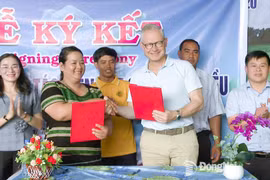 Mme Thi Khui, cheffe de la coopérative agricole d’anacarde biologique de Trang Co – Bu Lach, signe un accord de coopération pour l'achat de noix de cajou avec un représentant de la sarl Intersnack Vietnam. Photo : Journal Dong Nai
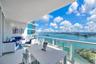 Covered balcony featuring expansive porcelain tile flooring, a glass-panel railing, and panoramic water scenery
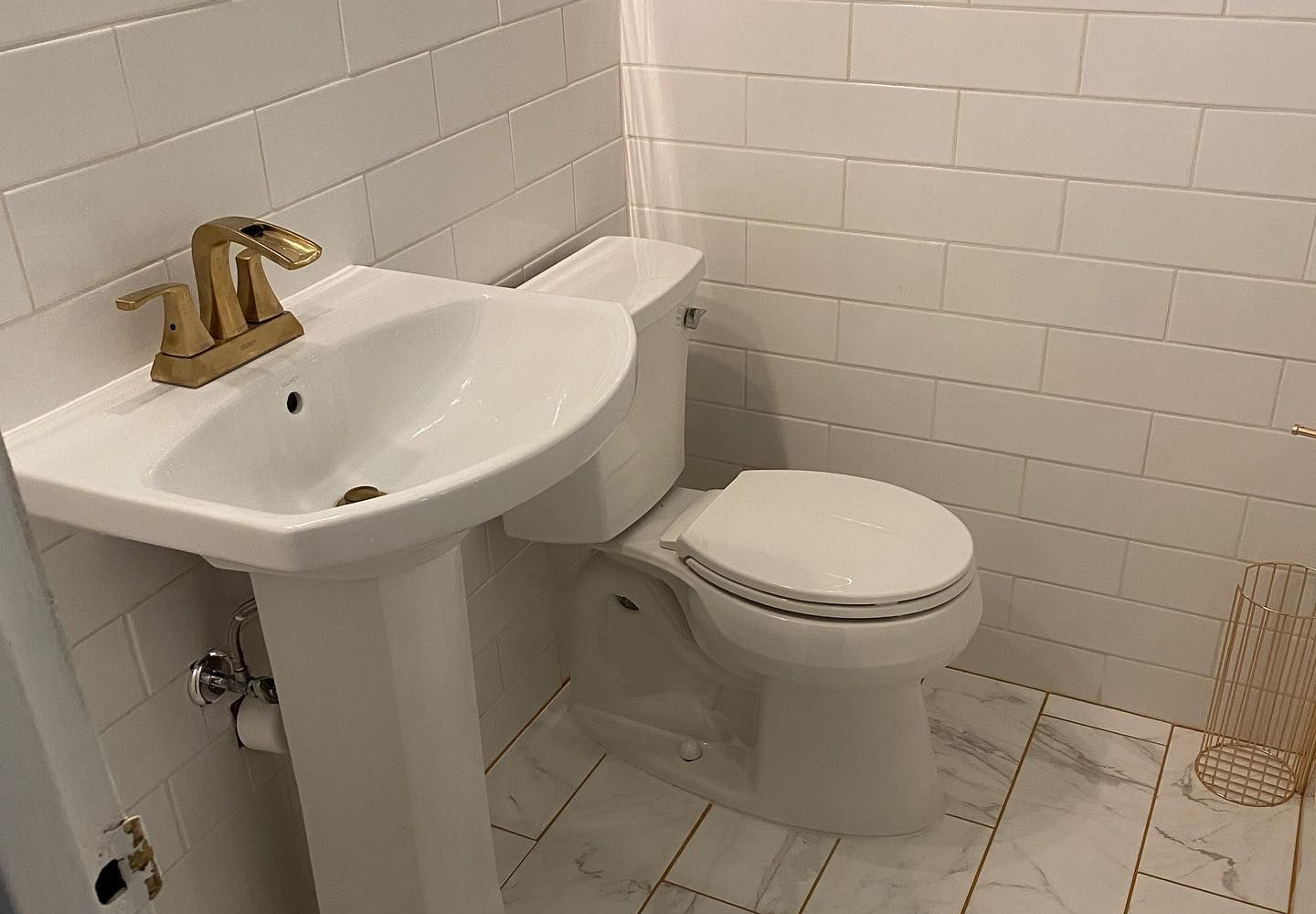 White bathroom with pedestal sink, gold faucet, and toilet against white subway tile.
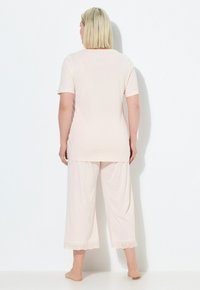 Světlé růžové pyžamo se short sleeve a zkrácenými kalhotami. Kalhoty mají krajkový lem na spodním okraji. Měkký, lehký materiál, volný střih.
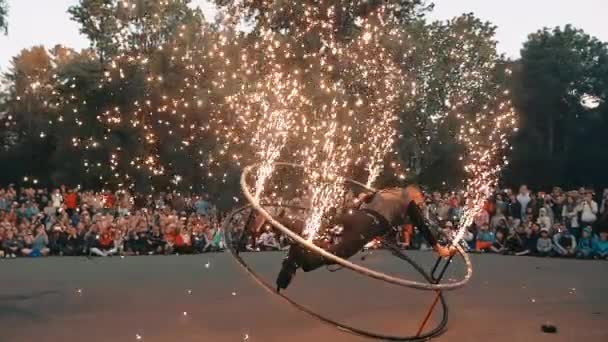 Schauspieler der Feuershow führt Trick mit Rad und Wunderkerzen auf, Wunderkerzen funkeln. — Stockvideo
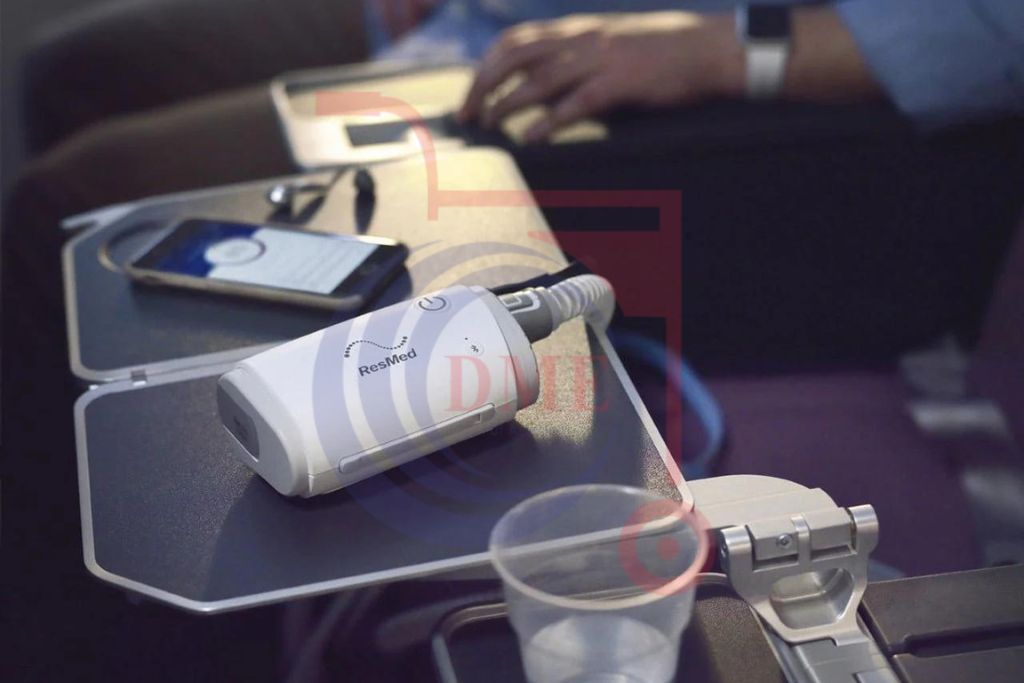 Resmed AirMini AutoSet Portable CPAP device resting on a tray table beside a smartphone and a cup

● YOUR OBJECTIVE: Provide an exact copy of the records, excluding every picture.

● ANSWER SECTION:
 Mme Thi Khui, cheffe de la coopérative agricole d’anacarde biologique de Trang Co – Bu Lach, signe un accord de coopération pour l'achat de noix de cajou avec un représentant de la sarl Intersnack Vietnam. Photo : Journal Dong Nai
 Covered balcony featuring expansive porcelain tile flooring, a glass-panel railing, and panoramic water scenery
 White bathroom with pedestal sink, gold faucet, and toilet against white subway tile.
 Světlé růžové pyžamo se short sleeve a zkrácenými kalhotami. Kalhoty mají krajkový lem na spodním okraji. Měkký, lehký materiál, volný střih.
 Schauspieler der Feuershow führt Trick mit Rad und Wunderkerzen auf, Wunderkerzen funkeln. — Stockvideo
 Resmed AirMini AutoSet Portable CPAP device resting on a tray table beside a smartphone and a cup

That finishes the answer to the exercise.